P. Dígame un personaje que le hiciese derribar un prejuicio…
R. La mujer que interpretaba en Araña. Yo pensaba que una mujer que actuaba como ella carecía de afecto, pero cuando me puse en su piel vi que yo tenía mucho de eso y me apiadé de ella, cosa que no hago muy habitualmente…
P. O sea, que no suele ser compasiva. ¿Es muy dura con sus hijas?
R. Yo he sido muy exigente conmigo misma y tardé en darme cuenta de que esa misma vara la pongo con los que me rodean. Entonces he aprendido a ser más piadosa conmigo y con los demás….
P. Ha contado que en su primer parto habló tres idiomas que no conocía: inglés, francés y esperanto. ¿Es verdad o exageraba?
R. Fue hace mucho, imagínate que mi hija ya tiene cerca de 40… pero parece ser que sí, me quedé inconsciente por unos minutos y cuando empecé a volver en mí y me hacían las típicas preguntas para evaluar mi grado de consciencia, empecé a contestar en esos idiomas. Unos días después se formó una especie de congreso médico en torno a mí y preguntaron: “¿Usted ve muchas películas de ciencia ficción?” [risas].
P. La sororidad con amigas es una cuestión de voluntad, pero quizá con los hijos es más complicada. ¿Ha competido alguna vez con sus propias hijas?

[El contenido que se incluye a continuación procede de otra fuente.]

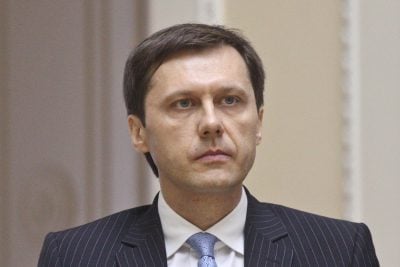 Не шапками едиными: кандидат в президенты Шевченко стащил в Давосе восемь коробок конфет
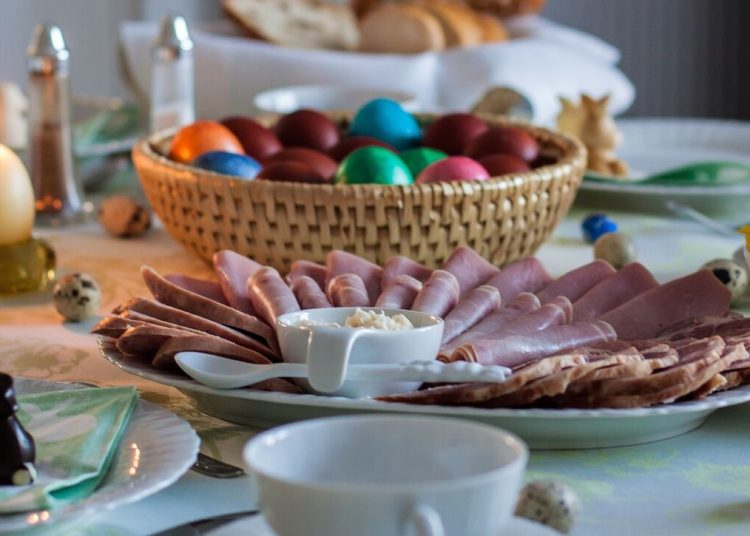Πασχαλινό τραπέζι: Προβληματίζουν οι αυξημένες τιμές- Τι σχεδιάζεται στην αγορά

R. No, porque cuando ellas decidieron hacer este trabajo de actrices, directoras, escritoras, yo ya había meditado mucho sobre este tema de la competencia con las actrices, que padecí mucho en mi juventud. De hecho, puse en marcha una obra de teatro, Amor, dolor, y qué me pongo, en la que elegí trabajar con una actriz que había sido una referencia para mí; otra con la que había competido durante mucho tiempo porque era de mi edad; mi propia hija, y una directora a cuyas órdenes había estado y a la que usé como un laboratorio para ponerme en el lugar de las otras. Me retó y me liberé y nunca más volví a sentir ese sentimiento porque me di cuenta de que hay algo muy amoroso que me une a ellas.
P. ¿Es usted una persona que le tenga miedo a la vejez?
R. No le tengo miedo a la vejez, sino a cómo administrar la mía. No me preocupa ser vieja, sino convertirme en una vieja de mierda. He tenido mucho contacto con ancianos y he visto que los hay de todos los estilos: los hay con un mundo interior que los hace estar felices aún con sus limitaciones y también los hay que están amargados por el paso del tiempo y las limitaciones que trae. Esto es lo que considero yo ser una vieja de mierda [risas].